Surprise Scoring¶
every memory gets a novelty score at write time. novel memories get importance boosted, redundant ones get flagged.
how it works¶
before inserting a new memory, compute k-NN (k=5) cosine distance against all existing embeddings:
- find the 5 nearest neighbors (via ANN index or brute-force fallback)
- compute mean distance to those neighbors
- map through sigmoid:
surprise = 1 / (1 + exp(-10 * (mean_distance - 0.35))) - derive importance modifier:
(surprise - 0.5) * 0.6→ range [-0.3, +0.3]
output¶
{
"surprise": 0.85, # 0-1, higher = more novel
"nearest_distance": 0.49, # cosine distance to closest neighbor
"nearest_id": "abc-123", # most similar existing memory
"is_duplicate": False, # True if nearest_distance < 0.08
"k_distances": [0.49, 0.52, 0.55, 0.58, 0.61],
"importance_modifier": +0.21 # additive adjustment
}
importance adjustment¶
- surprise=0.85, base=0.7 → adjusted=0.91 (novel, boosted)

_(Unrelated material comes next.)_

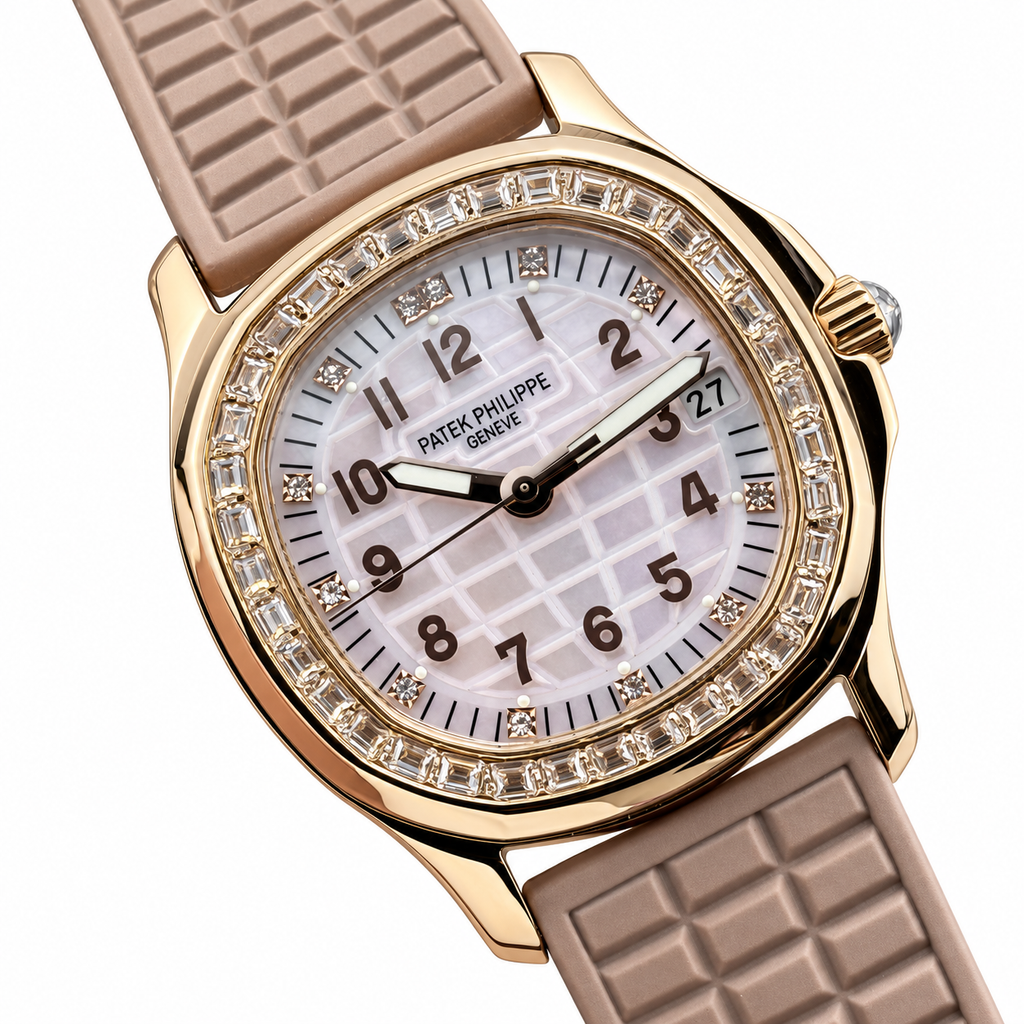 Patek Philippe Rose Gold Aquanaut Luce Diamond Bezel Nude Strap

- surprise=0.15, base=0.7 → adjusted=0.49 (redundant, reduced)
duplicate detection¶
if nearest distance < 0.08 (cosine similarity > 0.92), the memory is flagged as a potential duplicate. it still gets stored, but with reduced importance and a warning in the response.
the sigmoid curve¶
the midpoint is 0.35 and steepness is 10.0. most memories cluster around 0.2-0.5 mean distance. the curve maps:
- distance < 0.2 → surprise ≈ 0.0 (very redundant)
- distance ≈ 0.35 → surprise = 0.5 (neutral)
- distance > 0.5 → surprise ≈ 1.0 (very novel)
inspiration¶
from the Titans paper (Behrouz et al., Google) where memory updates are proportional to the gradient of the loss function — surprise.
key file¶
engram/surprise.py — compute_surprise() and adjust_importance()